Uresti's bill would sacrifice about $20 million in annual state revenue for the same reason it would save lives: The new age limit would prevent about a third of young adults from smoking who otherwise would likely become addicted.
Now, are you following along with this?  Brian Chasnoff started smoking at age 16.  He quit smoking in 2001, five years later.  This means he started smoking in 1996.  Guess who else was 16 in 1996? Yours truly, which means I can tell you this without any hesitation: the legal age for buying cigarettes back then was 18.

On the off chance any of my readers are as dense as Chasnoff, I'll spell it out for you: When he started smoking, he was two years younger than the legal age for buying cigarettes.

And yet he somehow thinks that raising the legal age for buying cigarettes is going to magically stop people from illegally smoking, even though it didn't stop him(Why yes, he's in favor of stricter gun control laws.  But you probably guessed that already, eh?)

Look, I'm not in favor of smoking.  I think smokers, at least those my age and younger who had a steady diet of anti-smoking messages in school, some of them very graphic, are dumb.  Smoking is my nanny-state thing; I was happy when City Council passed an anti-indoors-smoking ordinance, because it meant I could go to restaurants and breathe without getting sick.

Something else I'm not in favor of, though, is laws that won't make a lick of difference.  Though I have never even considered smoking, I am well aware of the fact that people still do it and are gonna keep on doing it.  And a significant portion of those who start are going to be teenagers who are well under the legal age for smoking.  Make it more illegaler! just isn't an intelligent idea, no matter what the topic of legislation may be.

3 comments:

Anonymous said...

Who many people start smoking because some nanny-state government type tells them they can't?

Dave said...

I think one of the unspoken theories is that, knowing people will obtain smokes & beer earlier than the age it is legal, if you raise the legal age, it raises the age that kids illegally obtain it. If it is 18 and 16 year-olds are smoking, raise it to 21 and maybe they will wait until they are 18. Raise it to 25 and they will wait until 21. But we know, it just doesn't work that way.

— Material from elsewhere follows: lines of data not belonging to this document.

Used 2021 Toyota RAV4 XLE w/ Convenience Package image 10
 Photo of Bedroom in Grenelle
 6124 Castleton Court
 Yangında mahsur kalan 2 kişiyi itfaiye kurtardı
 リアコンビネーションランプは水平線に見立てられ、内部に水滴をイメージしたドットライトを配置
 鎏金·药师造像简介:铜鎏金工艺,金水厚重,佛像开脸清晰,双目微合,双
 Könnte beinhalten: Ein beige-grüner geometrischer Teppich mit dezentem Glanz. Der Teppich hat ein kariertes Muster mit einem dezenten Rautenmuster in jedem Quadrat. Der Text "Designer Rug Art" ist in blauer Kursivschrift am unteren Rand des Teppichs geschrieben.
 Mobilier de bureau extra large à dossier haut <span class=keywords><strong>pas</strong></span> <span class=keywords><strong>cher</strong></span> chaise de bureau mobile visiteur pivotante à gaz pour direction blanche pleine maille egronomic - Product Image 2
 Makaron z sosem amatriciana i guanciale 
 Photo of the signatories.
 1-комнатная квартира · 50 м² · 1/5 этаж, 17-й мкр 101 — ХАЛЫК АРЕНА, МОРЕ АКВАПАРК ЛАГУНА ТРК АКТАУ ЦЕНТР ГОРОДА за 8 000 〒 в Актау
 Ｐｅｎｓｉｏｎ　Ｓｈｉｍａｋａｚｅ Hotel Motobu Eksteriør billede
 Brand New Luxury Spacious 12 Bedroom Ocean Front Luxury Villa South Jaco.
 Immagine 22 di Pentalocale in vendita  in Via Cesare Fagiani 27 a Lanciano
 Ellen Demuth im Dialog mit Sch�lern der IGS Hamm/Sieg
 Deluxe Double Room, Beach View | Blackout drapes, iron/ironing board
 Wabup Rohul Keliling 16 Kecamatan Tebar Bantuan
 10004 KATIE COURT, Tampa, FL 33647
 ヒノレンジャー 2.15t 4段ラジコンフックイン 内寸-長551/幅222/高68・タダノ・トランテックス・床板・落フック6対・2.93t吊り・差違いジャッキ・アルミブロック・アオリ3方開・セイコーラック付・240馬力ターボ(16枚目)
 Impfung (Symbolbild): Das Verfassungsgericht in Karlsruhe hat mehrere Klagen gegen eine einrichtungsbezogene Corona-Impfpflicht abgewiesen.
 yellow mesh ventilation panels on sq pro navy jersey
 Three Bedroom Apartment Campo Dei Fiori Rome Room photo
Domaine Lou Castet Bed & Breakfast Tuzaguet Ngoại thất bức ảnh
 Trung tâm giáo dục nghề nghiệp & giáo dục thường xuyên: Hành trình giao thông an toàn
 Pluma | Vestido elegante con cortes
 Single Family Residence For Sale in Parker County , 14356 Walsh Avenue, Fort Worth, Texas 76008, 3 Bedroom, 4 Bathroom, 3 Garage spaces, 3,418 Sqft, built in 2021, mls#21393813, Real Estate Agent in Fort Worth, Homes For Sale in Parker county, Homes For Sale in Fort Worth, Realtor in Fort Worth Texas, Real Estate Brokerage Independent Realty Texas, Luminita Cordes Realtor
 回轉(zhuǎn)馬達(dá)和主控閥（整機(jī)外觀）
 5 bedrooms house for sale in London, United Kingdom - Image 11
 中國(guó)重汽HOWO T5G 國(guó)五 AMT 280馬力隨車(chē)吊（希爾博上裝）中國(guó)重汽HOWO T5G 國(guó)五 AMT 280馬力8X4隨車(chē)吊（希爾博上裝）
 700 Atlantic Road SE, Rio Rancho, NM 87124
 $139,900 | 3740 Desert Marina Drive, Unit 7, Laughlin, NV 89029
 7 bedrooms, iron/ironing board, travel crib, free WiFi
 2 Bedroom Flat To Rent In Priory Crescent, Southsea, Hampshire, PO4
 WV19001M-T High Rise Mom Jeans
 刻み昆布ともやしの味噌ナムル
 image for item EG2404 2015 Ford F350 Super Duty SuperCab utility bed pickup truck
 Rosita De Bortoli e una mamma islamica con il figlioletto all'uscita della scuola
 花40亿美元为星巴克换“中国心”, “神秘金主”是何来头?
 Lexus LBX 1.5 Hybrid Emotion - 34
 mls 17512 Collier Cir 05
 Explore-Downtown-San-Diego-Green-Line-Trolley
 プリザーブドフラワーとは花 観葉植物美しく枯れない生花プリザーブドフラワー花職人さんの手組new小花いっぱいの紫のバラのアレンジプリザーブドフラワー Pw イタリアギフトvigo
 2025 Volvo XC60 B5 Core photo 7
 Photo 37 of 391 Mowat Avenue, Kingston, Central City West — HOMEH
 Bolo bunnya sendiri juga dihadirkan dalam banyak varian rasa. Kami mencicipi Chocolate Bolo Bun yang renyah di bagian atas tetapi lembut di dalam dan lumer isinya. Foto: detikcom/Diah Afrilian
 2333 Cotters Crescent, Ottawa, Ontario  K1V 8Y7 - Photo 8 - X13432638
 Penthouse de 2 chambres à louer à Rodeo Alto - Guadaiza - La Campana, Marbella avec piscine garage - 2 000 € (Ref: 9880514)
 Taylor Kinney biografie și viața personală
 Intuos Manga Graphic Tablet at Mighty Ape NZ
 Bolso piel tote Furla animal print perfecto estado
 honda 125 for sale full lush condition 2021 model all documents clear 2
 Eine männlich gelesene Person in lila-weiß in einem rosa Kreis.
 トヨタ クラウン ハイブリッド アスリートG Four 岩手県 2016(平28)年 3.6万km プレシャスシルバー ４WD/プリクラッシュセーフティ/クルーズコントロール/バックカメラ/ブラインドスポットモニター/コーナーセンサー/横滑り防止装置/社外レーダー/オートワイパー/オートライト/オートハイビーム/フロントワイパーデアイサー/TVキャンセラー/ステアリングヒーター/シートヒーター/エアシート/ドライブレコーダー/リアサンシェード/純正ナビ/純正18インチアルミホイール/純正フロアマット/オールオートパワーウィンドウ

In general, I oppose the nanny state. Though I don't smoke anymore (it has been over 25 years since I stopped cold turkey from 2 1/2 packs a day) I was against San Antonio efforts to ban smoking in restaurants, on the principal of telling owners how to run their place. Now, I am so glad I was wrong because it has suddenly become safe to enjoy a meal without some inconsiderate jerk stinking up the place.

The answer is not to raise the age limit, the answer is to continue to make it exceedingly tough to be a heavy smoker.

At Lackland and most military bases, you can only smoke in designated areas and it requires a walk to get to them. Anyone who smokes more than a few cigarettes a day is seen as a slacker since it takes a good 15 minutes to walk out, smoke, then walk back.

Eventually, between the cost of smokes ($5.00 a pack!) and the limited places you can smoke in public, smoking will just be too much of a hassle.

Chasnoff and Uresti should spend more time looking for waste in government, not trying to limit the rights of adults.

Mattexian said...

The fun thing to do would be to point out to the anti-smoking crowd, that if smokers stopped completely, then the taxes for all the children's health programs would go up in smoke (no pun intended), and have to come from somewhere else, such as their favorite alcohol. I find smoking itself to be a disgusting habit (I was married to a smoker, and kissing her was like licking an ashtray!); that said, I point out that smokers and gun owners are MORE patriotic than everybody else, because we willing pay more taxes to support out habits.